Le presentan un sordo que, además, hablaba con dificultad,
y le ruegan que imponga la mano sobre él
Hoy, la liturgia nos lleva a la contemplación de la
curación de un hombre «sordo que, además, hablaba con dificultad» (Mc 7,32).
Como en muchas otras ocasiones (el ciego de Betsaida, el ciego de Jerusalén,
etc.), el Señor acompaña el milagro con una serie de gestos externos. Los
Padres de la Iglesia ven resaltada en este hecho la participación mediadora de
la Humanidad de Cristo en sus milagros. Una mediación que se realiza en una
doble dirección: por un lado, el “abajamiento” y la cercanía del Verbo encarnado
hacia nosotros (el toque de sus dedos, la profundidad de su mirada, su voz
dulce y próxima); por otro lado, el intento de despertar en el hombre la
confianza, la fe y la conversión del corazón.
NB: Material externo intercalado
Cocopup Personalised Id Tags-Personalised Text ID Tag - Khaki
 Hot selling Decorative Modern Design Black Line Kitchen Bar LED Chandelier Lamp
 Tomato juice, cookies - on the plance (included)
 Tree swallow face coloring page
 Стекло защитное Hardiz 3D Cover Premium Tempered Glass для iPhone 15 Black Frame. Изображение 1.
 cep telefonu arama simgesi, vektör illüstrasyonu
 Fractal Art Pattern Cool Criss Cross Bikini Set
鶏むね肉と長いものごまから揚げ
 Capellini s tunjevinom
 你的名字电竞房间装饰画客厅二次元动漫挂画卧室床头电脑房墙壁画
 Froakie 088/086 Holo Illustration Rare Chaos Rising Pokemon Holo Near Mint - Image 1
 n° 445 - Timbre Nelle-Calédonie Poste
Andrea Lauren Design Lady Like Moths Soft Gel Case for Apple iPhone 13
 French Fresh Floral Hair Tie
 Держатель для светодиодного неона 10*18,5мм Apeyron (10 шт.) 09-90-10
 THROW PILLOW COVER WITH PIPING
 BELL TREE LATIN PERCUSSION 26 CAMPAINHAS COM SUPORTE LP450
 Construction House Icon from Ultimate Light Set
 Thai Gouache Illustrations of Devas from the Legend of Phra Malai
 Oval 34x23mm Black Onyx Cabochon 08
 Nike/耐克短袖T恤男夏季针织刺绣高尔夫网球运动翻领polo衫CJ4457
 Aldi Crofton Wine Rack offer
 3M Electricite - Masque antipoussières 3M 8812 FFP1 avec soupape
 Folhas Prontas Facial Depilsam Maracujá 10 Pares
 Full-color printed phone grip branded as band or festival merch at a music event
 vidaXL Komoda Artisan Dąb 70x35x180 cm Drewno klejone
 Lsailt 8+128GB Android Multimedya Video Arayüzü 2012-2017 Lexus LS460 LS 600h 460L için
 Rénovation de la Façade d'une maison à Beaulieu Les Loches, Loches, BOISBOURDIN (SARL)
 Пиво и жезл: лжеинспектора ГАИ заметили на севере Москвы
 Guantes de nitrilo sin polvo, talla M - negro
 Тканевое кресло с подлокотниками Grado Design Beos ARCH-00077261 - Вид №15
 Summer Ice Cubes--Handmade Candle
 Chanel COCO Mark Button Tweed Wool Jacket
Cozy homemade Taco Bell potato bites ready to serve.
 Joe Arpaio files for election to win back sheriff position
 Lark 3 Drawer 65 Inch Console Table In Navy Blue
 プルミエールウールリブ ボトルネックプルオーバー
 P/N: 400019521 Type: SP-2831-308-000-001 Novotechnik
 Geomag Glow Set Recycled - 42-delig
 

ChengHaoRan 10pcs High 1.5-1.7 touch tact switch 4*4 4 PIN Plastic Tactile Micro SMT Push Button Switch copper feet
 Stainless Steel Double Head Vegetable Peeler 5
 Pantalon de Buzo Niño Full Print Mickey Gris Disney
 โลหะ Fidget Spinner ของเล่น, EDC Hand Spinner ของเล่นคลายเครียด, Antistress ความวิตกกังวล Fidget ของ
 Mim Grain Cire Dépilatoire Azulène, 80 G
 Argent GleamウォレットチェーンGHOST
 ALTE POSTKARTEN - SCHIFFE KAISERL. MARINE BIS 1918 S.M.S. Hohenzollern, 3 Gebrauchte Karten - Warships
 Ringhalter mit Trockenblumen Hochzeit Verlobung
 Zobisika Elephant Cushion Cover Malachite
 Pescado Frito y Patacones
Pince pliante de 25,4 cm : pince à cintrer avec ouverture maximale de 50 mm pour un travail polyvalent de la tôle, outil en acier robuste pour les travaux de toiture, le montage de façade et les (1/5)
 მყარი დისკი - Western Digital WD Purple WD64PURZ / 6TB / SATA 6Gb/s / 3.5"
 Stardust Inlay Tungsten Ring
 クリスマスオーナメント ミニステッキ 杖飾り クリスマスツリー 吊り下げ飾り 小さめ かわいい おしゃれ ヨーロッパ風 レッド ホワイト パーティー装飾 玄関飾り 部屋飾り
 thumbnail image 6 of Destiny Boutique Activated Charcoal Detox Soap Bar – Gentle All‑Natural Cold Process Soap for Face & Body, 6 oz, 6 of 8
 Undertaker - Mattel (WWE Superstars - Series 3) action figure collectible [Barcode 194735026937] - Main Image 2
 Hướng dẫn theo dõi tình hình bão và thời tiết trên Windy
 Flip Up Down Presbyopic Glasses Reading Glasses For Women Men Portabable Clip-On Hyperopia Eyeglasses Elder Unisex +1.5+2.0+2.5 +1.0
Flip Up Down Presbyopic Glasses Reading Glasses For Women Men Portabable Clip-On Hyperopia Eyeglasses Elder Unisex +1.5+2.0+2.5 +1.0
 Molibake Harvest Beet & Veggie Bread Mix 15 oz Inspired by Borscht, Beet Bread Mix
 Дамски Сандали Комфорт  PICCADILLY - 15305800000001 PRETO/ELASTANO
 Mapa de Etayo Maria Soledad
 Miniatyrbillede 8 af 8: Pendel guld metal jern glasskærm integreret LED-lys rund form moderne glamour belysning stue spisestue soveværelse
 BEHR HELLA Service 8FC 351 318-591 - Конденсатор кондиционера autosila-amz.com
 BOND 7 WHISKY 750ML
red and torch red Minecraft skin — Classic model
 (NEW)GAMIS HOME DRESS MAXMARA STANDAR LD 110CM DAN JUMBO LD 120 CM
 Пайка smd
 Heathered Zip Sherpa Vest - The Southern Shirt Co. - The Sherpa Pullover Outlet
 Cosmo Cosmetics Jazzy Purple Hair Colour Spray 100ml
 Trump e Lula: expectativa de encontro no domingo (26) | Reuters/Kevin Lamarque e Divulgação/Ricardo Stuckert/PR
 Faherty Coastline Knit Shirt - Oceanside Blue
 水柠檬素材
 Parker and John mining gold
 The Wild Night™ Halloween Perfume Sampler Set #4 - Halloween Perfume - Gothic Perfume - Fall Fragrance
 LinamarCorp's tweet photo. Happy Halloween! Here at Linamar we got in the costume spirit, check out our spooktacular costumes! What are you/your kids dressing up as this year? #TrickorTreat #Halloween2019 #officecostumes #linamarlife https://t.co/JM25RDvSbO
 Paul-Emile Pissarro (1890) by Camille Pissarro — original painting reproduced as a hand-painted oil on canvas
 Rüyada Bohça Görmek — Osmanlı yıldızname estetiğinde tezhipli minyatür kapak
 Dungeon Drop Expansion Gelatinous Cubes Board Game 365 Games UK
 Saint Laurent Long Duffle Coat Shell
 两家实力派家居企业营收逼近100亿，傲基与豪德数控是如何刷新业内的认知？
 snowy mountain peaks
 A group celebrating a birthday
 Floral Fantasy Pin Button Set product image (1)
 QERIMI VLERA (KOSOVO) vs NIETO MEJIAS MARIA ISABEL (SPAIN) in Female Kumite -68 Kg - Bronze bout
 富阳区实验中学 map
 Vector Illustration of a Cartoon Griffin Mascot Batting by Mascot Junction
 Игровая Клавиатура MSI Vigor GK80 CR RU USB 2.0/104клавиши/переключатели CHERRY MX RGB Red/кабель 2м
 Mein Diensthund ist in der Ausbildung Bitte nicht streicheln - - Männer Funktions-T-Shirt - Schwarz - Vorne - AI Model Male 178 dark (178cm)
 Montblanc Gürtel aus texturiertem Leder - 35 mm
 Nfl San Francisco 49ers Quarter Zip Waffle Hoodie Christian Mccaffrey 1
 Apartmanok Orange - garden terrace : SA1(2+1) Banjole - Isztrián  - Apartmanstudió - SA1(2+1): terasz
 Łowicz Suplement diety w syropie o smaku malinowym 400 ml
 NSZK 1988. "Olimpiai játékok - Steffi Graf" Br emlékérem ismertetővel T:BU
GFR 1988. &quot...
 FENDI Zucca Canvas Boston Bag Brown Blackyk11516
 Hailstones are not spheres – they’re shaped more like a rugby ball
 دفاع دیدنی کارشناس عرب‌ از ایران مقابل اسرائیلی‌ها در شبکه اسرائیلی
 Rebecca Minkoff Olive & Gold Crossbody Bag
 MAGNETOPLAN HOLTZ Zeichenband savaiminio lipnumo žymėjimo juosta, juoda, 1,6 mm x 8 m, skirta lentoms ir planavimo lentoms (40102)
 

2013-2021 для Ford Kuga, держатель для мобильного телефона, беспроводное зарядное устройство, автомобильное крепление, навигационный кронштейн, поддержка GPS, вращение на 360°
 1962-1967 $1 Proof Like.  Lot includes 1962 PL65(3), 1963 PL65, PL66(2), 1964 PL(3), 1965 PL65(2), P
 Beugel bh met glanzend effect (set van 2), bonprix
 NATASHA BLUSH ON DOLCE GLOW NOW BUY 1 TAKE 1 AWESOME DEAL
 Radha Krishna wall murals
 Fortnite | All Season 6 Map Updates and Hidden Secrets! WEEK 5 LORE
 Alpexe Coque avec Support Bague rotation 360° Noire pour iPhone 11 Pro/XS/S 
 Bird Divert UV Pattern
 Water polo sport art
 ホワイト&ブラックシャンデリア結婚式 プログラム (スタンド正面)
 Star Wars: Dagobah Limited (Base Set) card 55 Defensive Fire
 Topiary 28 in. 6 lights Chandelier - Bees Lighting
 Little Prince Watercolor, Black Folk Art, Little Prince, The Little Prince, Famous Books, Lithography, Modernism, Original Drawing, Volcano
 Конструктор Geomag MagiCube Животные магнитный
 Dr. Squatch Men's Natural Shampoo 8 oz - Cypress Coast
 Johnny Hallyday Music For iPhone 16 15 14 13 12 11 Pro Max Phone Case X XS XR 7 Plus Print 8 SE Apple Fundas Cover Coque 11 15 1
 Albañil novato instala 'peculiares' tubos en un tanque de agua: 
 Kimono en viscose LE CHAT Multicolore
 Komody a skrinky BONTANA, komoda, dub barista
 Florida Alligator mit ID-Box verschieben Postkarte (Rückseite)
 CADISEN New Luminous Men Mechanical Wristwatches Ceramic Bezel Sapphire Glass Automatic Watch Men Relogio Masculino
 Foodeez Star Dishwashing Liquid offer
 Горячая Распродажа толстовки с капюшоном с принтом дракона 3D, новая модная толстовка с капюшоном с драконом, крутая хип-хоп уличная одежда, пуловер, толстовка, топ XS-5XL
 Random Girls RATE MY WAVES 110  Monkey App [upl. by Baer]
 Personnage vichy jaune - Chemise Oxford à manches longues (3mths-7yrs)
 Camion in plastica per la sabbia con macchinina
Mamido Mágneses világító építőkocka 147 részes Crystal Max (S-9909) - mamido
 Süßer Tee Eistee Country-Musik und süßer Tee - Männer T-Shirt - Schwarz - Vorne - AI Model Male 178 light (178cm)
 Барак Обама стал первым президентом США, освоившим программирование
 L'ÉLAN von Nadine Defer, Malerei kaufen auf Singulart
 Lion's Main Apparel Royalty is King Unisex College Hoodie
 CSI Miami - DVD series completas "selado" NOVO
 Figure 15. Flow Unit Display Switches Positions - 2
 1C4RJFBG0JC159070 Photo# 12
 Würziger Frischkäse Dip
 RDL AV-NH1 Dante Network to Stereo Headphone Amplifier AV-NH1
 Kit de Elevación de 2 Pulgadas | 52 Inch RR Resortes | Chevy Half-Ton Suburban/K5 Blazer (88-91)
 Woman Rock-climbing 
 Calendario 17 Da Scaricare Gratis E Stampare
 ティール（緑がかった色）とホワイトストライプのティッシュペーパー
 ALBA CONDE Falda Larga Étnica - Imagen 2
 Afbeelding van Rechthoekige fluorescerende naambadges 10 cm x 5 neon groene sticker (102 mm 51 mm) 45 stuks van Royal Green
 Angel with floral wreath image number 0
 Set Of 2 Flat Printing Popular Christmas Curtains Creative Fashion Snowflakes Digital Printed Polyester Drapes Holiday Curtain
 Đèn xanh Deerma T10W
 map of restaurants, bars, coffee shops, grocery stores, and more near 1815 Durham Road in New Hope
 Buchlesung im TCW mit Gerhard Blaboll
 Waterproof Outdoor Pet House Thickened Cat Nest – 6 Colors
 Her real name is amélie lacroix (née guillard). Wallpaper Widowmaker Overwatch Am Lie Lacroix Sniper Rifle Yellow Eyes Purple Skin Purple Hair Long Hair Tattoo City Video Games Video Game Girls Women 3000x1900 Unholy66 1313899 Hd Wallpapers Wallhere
En efecto, las curaciones de los enfermos que Jesús realiza
van mucho más allá que el mero paliar el dolor o devolver la salud. Se dirigen
a conseguir en los que Él ama la ruptura con la ceguera, la sordera o la
inmovilidad anquilosada del espíritu. Y, en último término, una verdadera
comunión de fe y de amor.
Al mismo tiempo vemos cómo la reacción agradecida de los
receptores del don divino es la de proclamar la misericordia de Dios: «Cuanto
más se lo prohibía, tanto más ellos lo publicaban» (Mc 7,36). Dan testimonio
del don divino, experimentan con hondura su misericordia y se llenan de una
profunda y genuina gratitud.
También para todos nosotros es de una importancia decisiva
el sabernos y sentirnos amados por Dios, la certeza de ser objeto de su
misericordia infinita. Éste es el gran motor de la generosidad y el amor que Él
nos pide. Muchos son los caminos por los que este descubrimiento ha de
realizarse en nosotros. A veces será la experiencia intensa y repentina del
milagro y, más frecuentemente, el paulatino descubrimiento de que toda nuestra
vida es un milagro de amor. En todo caso, es preciso que se den las condiciones
de la conciencia de nuestra indigencia, una verdadera humildad y la capacidad
de escuchar reflexivamente la voz de Dios.